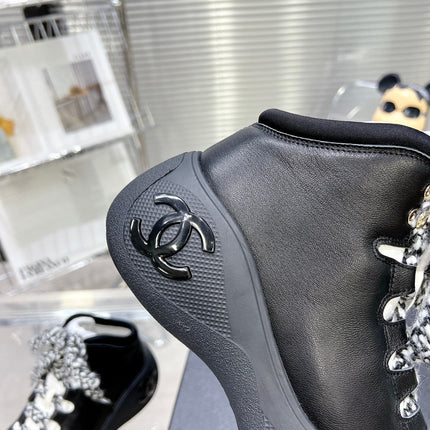 CC CANO ALTO SNEAKER IN BLACK CALFSKIN AND RUBBER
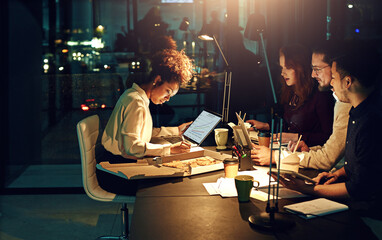 This team puts in all the work. Cropped shot of young employees working late into the evening.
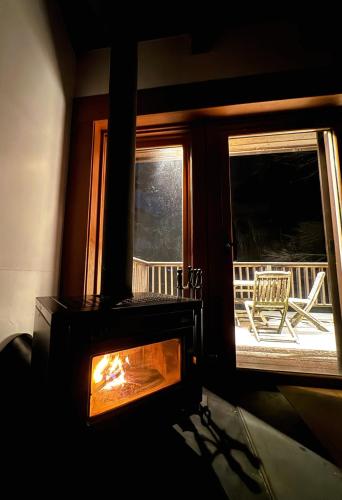 a fireplace in a room with a view of a porch at CabinC Private Fireplace, BBQ, Lake Saiko MtFuji in Narusawa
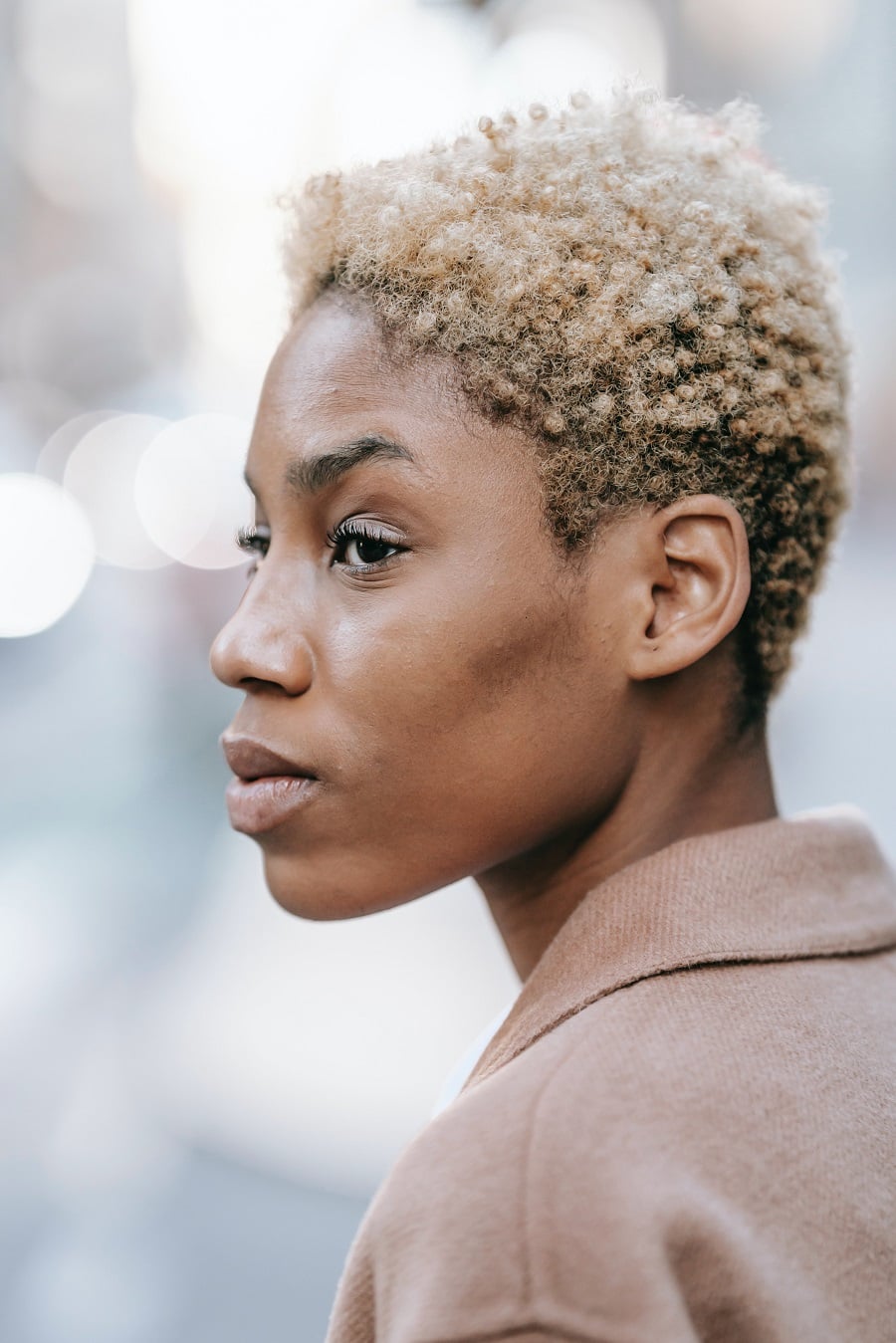 black woman with short brown afro hair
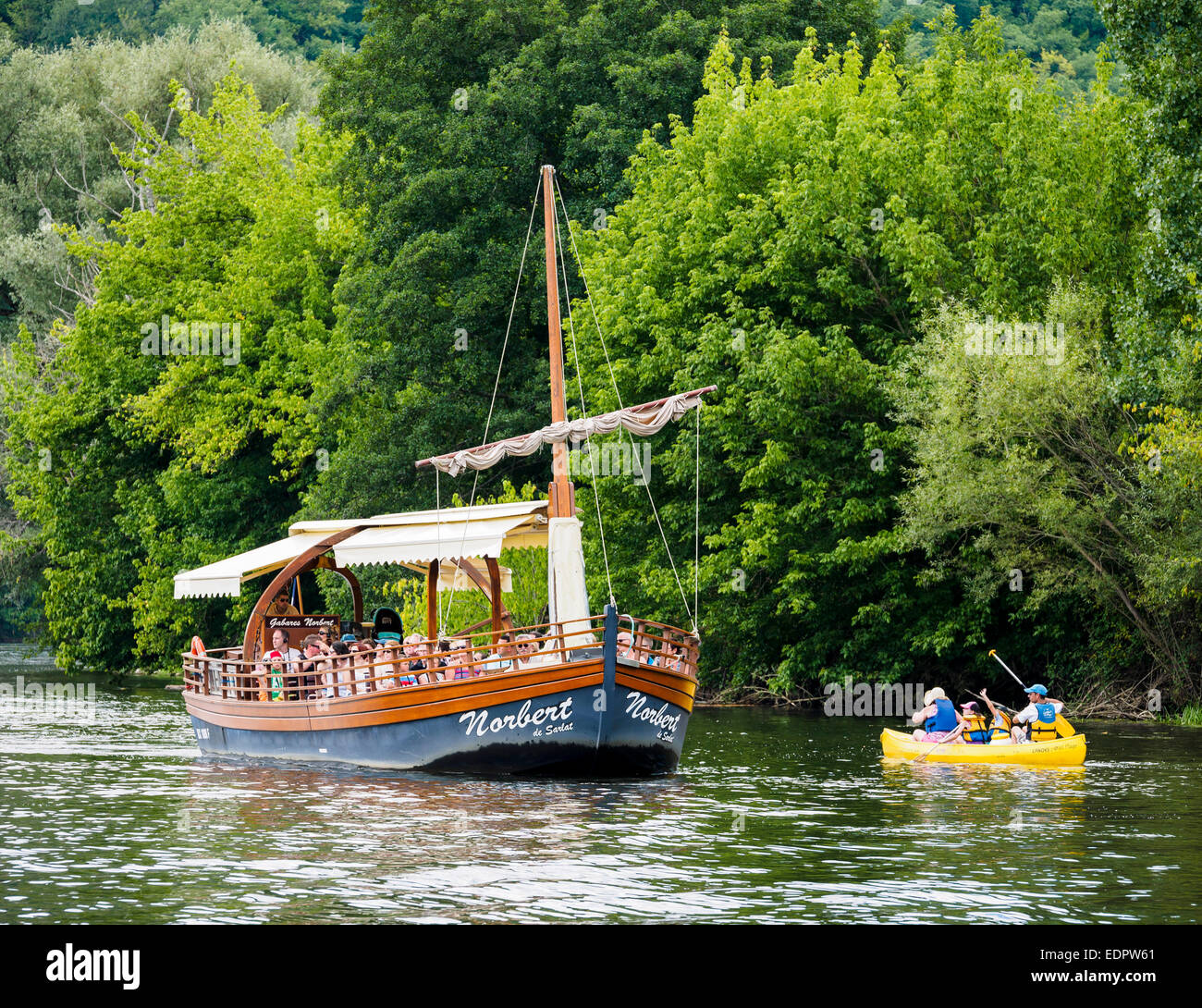 A tourist boat, in French called 'gabare', on the river Dordogne at La Roque-Gageac. Stock Photo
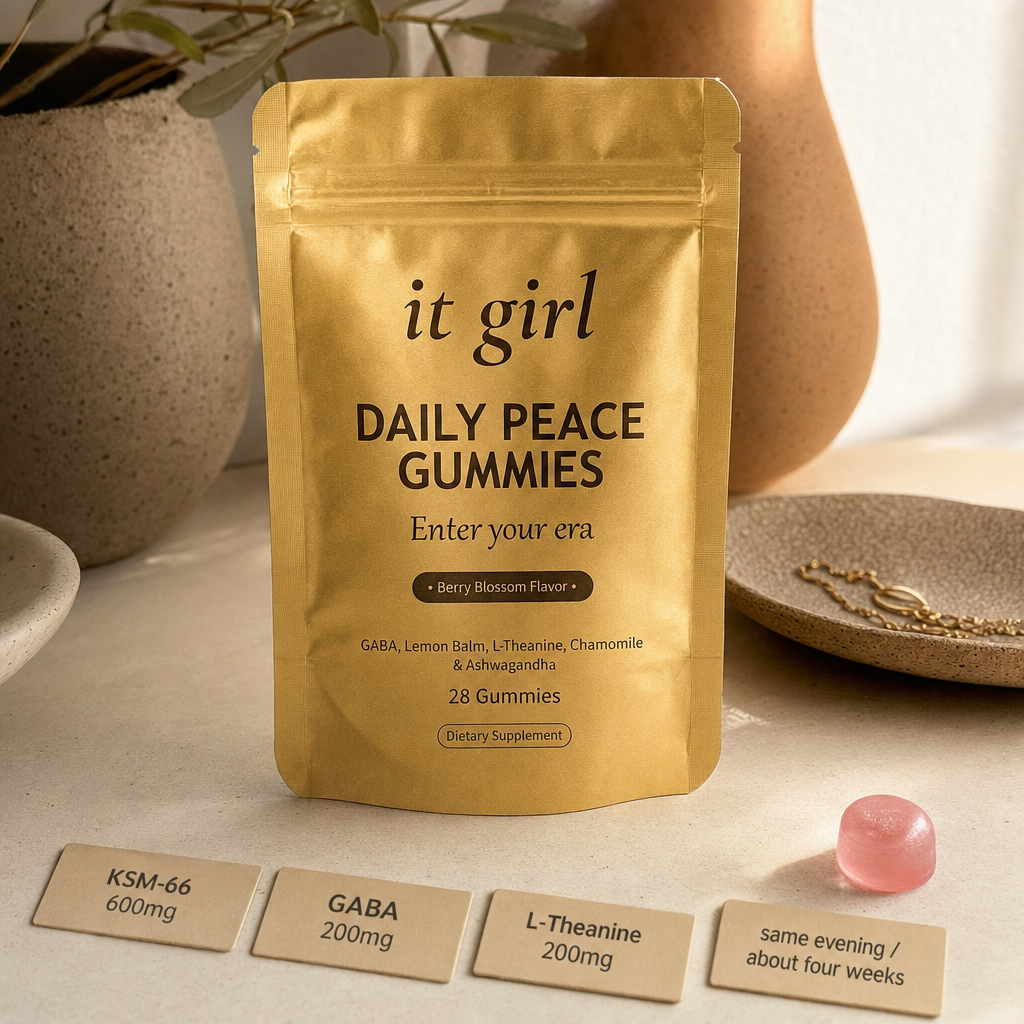 The real matte-gold It Girl Daily Peace pouch with a single pink gummy, three dose cards reading KSM-66 600mg, GABA 200mg, L-Theanine 200mg, and a small timeline card reading same evening and about four weeks, on a warm cream surface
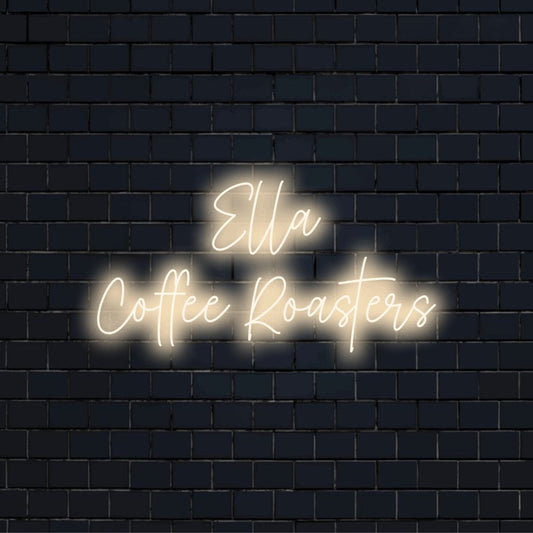 Ella Coffee Roasters Custom Name Neon Sign, bright neon lettering against black brick wall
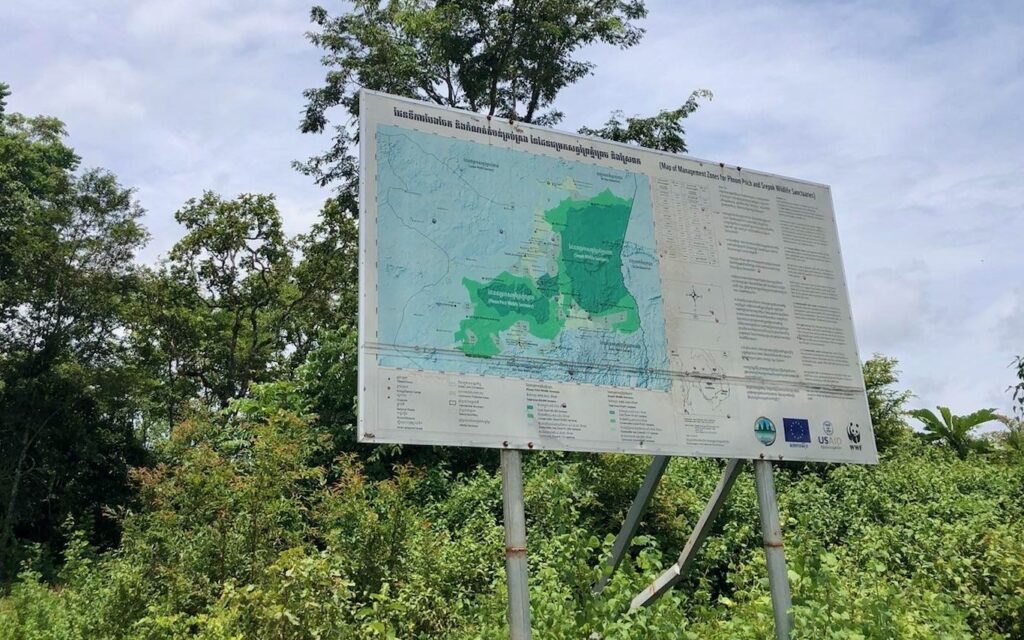 A billboard showing a map of zones in Phnom Prich and Sreypok protected areas. (Fiona Kelliher/VOD)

■ REQUIRED ACTION ■
Restate word for word, and only, the lines from the line that contains "The real matte-gold" through the end of the data, both included; pictures are not part of the copy.

■ RESPONSE ■
 The real matte-gold It Girl Daily Peace pouch with a single pink gummy, three dose cards reading KSM-66 600mg, GABA 200mg, L-Theanine 200mg, and a small timeline card reading same evening and about four weeks, on a warm cream surface
 Ella Coffee Roasters Custom Name Neon Sign, bright neon lettering against black brick wall
 A billboard showing a map of zones in Phnom Prich and Sreypok protected areas. (Fiona Kelliher/VOD)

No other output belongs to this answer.